A last gasp of classical Romantic Gypsy violin music; Moore's swan song
19 December 2001
This film marks the culmination of the most prolific, popularly loved form of music that the human race ever conceived. That is, the Romantic style. You may find, for example, a CD of pianist Horowitz produced a couple of decades ago entitled "The Last Romantic" - and you might understand the sentiment behind such a title. It is a dying breed of music. Rather, it is dead. Left are museum pieces rehashed by earnest musicians who love the style, or at least the memory of it, but performed/recorded for audiences/listeners who for the most part don't understand it. For to understand it, one must absolutely not be pragmatic. And as we've all been told time and again of late, if you're not pragmatic (if you haven't gone to college, for example, in order to obtain a degree/career) you don't have a life. Few these days, not even crack dealers, are willing to trade monetary responsibility for an enhancement of their souls.

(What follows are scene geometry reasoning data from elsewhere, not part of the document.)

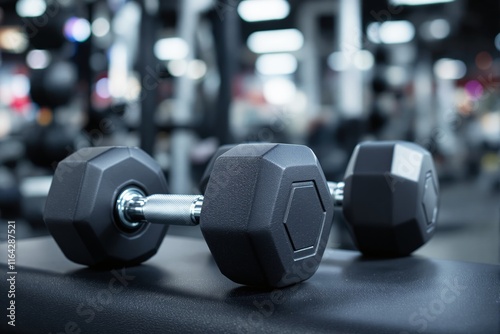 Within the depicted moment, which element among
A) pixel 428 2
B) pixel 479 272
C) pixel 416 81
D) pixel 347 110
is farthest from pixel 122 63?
pixel 416 81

Likewise, Dudley Moore acted the lead in this film, and in doing so, he didn't create much of a life, in terms of this film being appreciated by the mainstream. But Moore was one of the funniest comedians that ever graced American film/sound stages. His improvised drunk bits rival Jackie Gleason's improvised drunks. Of course nowadays such drunk humor is politically incorrect, which marks yet one more creative form that has recently bitten the dust. Oh well, at least kids are safe from drunk drivers.

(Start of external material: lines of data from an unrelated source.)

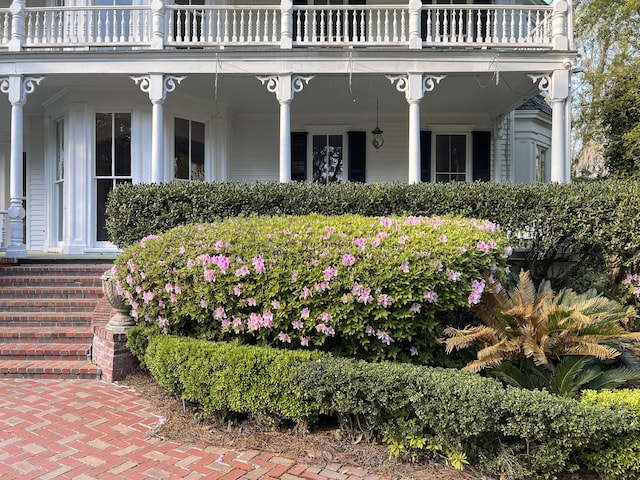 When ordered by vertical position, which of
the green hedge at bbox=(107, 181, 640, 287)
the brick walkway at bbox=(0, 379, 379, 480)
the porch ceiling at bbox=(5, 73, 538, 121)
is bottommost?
the brick walkway at bbox=(0, 379, 379, 480)

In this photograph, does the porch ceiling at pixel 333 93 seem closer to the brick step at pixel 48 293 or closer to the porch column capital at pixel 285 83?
the porch column capital at pixel 285 83

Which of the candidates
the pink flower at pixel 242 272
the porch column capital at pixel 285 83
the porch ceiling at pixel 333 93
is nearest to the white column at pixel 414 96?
the porch ceiling at pixel 333 93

But the greatest moment in this movie was the violin battle. You see, it's a prerequisite for talented, narcissistic classical/Romantic musicians, such as Dudley Moore (pianist), to hold a dark sense of humor. It's the kind of passive resistant, anti-successful state of mind that made Charlie Brown, Woody Allen, Bartleby, John Lennon and countless negative/alternative reasoning popular during the 60s-70s. And that alternative culture, or revolution, was merely a revamping of an earlier, more formidable anti-capitalism known as the period when occurred the French and American revolutions. In music, this was the time of Beethoven's rise to fame. This style he and others (even Mozart to some extent) propounded is known as the Romantic style. And the single greatest musical influence upon these western European proponents of the Romantic style was the music emanating from the streets: Gypsy music. It's also important to remember that such Gypsy music was itself influenced by a combination of east European folk music and the traditional music of the middle east, an area of the world from which all western civilization is derived, and thereby for which all of us should have reverence, or at least respect.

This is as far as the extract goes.